RA: The federal Attorney General has gone out in more than one press conference to say that the mayor and his wife are connected to organized crime and a drug gang. The wife’s family appears to have ties to even larger drug cartels.
They are fugitives. They are missing. No one knows where they are. It speaks to a small town under the thumb of this drug gang where the local police force was their muscle. The sequence of events shows that the mayor was upset that students were in town collecting donations to drive to a protest they were planning to attend. Students in Mexico have a habit of taking buses or borrowing buses to be used for demonstrations. The mayor was upset at this and ordered his police force to stop them. At the same time, his wife was giving a speech in the city. She planned to run for mayor eventually.
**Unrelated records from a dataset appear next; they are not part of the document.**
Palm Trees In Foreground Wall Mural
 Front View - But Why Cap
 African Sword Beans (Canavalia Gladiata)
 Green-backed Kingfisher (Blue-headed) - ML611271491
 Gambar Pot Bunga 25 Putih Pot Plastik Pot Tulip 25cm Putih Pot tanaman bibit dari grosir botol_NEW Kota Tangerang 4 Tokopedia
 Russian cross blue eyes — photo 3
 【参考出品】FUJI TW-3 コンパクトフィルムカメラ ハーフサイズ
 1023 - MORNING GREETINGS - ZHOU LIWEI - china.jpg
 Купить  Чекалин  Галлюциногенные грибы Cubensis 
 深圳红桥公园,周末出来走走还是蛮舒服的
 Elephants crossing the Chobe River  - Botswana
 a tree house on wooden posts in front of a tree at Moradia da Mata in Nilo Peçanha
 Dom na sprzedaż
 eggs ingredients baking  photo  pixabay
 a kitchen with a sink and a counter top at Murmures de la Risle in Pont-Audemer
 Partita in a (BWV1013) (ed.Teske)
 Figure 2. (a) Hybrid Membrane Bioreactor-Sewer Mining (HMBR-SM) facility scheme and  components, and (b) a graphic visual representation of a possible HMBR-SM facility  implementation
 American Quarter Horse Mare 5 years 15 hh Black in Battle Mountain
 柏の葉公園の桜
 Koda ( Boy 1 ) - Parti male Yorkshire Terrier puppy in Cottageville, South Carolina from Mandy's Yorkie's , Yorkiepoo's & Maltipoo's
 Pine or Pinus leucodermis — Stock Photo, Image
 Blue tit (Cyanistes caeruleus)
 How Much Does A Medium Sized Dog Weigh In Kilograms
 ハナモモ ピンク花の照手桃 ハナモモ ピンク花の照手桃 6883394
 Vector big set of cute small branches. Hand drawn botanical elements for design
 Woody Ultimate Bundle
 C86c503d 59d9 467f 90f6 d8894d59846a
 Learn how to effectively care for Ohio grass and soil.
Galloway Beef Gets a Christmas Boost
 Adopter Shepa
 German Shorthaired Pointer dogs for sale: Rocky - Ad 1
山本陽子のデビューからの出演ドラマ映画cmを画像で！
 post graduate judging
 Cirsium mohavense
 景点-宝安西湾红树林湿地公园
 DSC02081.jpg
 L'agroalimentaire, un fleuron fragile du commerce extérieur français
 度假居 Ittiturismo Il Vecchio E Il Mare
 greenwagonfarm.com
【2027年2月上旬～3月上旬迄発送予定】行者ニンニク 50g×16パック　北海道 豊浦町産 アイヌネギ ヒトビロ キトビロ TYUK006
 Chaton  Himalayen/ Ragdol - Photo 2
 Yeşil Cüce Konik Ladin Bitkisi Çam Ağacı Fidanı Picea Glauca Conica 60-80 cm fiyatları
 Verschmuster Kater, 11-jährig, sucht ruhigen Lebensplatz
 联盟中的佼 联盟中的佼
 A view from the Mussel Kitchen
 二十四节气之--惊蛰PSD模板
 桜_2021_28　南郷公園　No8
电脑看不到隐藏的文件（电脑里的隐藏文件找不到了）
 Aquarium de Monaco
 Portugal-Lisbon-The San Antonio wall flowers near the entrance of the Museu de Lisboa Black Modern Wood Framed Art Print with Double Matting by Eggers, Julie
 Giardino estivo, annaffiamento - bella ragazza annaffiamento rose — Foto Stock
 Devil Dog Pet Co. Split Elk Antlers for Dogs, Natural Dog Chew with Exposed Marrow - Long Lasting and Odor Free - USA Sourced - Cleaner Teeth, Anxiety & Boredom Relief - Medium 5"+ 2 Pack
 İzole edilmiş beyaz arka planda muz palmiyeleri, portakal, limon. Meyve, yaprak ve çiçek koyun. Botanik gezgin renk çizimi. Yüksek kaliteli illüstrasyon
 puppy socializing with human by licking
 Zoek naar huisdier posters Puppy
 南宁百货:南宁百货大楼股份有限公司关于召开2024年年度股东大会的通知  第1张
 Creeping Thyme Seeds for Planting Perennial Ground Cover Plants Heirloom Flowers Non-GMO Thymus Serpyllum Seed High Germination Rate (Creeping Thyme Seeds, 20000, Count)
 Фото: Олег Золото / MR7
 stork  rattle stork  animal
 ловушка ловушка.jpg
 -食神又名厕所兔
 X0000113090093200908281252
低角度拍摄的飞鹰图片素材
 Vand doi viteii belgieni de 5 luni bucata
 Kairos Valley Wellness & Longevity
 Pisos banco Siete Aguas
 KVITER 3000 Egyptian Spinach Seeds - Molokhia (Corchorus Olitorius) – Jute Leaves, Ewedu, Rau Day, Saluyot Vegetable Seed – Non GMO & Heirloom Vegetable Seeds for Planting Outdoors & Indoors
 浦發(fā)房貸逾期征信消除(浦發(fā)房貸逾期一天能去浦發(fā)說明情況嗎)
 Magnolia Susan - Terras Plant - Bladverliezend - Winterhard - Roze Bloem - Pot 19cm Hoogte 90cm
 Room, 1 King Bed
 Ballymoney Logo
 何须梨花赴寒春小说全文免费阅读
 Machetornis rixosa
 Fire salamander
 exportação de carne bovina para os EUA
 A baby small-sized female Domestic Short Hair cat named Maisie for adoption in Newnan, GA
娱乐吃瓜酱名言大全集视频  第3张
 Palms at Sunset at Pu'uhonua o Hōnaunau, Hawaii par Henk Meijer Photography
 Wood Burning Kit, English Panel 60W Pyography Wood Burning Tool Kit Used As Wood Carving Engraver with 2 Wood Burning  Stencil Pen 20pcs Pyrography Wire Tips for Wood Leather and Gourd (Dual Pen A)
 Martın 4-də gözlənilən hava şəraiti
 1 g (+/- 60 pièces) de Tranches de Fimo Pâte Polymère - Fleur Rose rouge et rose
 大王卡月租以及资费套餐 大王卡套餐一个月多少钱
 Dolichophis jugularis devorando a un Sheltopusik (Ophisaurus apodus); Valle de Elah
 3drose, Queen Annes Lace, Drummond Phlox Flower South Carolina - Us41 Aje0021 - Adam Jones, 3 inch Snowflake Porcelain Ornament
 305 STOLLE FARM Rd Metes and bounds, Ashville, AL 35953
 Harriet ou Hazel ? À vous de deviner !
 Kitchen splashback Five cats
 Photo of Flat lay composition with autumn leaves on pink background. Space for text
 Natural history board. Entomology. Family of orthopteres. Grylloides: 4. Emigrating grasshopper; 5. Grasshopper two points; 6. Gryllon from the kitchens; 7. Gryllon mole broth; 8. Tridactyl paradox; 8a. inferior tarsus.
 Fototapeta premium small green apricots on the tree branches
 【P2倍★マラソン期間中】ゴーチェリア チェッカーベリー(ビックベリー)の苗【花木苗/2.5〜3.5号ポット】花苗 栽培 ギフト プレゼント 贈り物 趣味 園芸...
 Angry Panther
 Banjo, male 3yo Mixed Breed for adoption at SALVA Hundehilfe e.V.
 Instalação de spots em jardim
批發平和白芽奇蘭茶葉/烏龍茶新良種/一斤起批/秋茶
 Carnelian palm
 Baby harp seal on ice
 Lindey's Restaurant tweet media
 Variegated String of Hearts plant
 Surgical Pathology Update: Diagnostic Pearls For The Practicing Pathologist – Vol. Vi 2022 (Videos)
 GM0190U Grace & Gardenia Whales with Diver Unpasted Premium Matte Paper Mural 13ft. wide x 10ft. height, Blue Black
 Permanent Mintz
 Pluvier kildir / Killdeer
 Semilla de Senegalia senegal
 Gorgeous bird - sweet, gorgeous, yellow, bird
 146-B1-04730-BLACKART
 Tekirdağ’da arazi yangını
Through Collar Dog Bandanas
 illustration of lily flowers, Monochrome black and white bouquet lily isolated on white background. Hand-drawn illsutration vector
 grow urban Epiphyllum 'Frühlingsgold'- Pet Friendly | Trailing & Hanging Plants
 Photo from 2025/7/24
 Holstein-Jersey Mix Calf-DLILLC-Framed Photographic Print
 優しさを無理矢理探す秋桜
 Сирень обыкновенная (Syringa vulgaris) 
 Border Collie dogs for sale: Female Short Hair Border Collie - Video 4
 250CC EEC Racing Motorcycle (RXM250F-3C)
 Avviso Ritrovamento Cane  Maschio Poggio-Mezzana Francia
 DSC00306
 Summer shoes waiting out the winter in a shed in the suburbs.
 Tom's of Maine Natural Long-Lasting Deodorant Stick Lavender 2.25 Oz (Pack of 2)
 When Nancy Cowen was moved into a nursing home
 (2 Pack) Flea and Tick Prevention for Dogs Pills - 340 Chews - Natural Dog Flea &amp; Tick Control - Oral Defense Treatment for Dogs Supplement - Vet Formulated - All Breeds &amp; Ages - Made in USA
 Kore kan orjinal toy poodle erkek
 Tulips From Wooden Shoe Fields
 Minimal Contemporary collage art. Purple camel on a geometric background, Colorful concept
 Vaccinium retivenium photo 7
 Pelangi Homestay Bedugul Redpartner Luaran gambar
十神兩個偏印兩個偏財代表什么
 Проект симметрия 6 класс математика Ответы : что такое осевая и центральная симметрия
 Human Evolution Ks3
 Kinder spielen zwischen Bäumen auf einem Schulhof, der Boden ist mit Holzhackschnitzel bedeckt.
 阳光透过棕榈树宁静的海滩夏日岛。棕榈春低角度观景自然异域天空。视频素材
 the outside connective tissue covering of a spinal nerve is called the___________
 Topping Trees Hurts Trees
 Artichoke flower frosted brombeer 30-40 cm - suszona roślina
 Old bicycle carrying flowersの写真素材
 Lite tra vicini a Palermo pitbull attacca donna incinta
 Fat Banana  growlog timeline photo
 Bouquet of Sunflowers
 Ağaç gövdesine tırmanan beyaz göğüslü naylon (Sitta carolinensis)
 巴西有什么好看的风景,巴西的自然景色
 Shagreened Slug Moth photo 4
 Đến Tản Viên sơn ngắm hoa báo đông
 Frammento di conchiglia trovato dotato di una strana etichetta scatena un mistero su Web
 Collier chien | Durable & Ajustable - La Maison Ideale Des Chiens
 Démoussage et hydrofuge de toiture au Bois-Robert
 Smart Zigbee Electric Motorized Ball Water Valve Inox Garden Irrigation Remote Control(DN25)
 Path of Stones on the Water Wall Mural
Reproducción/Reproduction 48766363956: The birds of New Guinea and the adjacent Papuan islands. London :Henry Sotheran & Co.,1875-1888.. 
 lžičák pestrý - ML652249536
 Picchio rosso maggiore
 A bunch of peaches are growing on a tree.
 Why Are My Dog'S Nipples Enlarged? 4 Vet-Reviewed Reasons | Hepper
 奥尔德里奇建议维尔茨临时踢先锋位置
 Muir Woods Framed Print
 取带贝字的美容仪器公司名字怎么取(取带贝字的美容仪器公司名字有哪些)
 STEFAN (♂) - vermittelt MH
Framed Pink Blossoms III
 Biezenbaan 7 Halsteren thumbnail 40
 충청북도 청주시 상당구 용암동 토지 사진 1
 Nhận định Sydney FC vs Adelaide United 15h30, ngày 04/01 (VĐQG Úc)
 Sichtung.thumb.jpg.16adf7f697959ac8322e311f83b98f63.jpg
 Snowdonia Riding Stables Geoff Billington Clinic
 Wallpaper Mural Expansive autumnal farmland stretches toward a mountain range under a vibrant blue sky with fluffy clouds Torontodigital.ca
Perhaps he was angry that they were going to disrupt her speech, maybe it got out of hand, maybe they were mistaken for another cartel. According to the Attorney General, he ordered the police to stop them. There was a shooting – six people were killed – and students were rounded up in police cars and driven away and eventually handed over to the gang.
The local police has long been one of the most corrupted institutions, often involved in drugs and crime. It’s a sad new benchmark in that state of corruption.
WF: How vulnerable does this leave President Enrique Pena Nieto, and how does this incident feed into President Enrique Pena Nieto’s narrative about Mexico’s future?
RA: From the get go this president came in with the idea of reforming the economy, changing Mexico from the drug war to talking about positive growth and potential for growth. He set about an ambitious reform agenda including laws allowing for foreign investors to partner with the state oil company, he revamped the telecommunications laws to allow more private competitors, and passed an education law that on paper could really diminish the influence of teachers’ unions.
He set off on this ambitious agenda to really change the conversation about Mexico and succeeded to a certain extent. But the bottom line is that he chose not to make security a priority. He’s left the impression that he was not paying close attention until fairly recently. There have been arrests of big gang members, including Joaquin “El Chapo” Guzman. Some of it is pressure from the US. There’s DEA intel on these guys and pressure to act but I think the government is slowly coming around to the belief that it really can’t advance the country without tackling security problems. If there’s any case to be a wakeup call…
WF: Is this a watershed moment for Mexico?
RA: It’s a watershed moment for security matters in Mexico. There’s lots of other stuff going on – it’s a big country – but I think that this case and this moment…I won’t say define this president but certainly how he handles it will be closely scrutinized. What is lesson taken from this? Does he now propose a sweeping agenda on security? I think a lot is sort of riding on how he handles this case.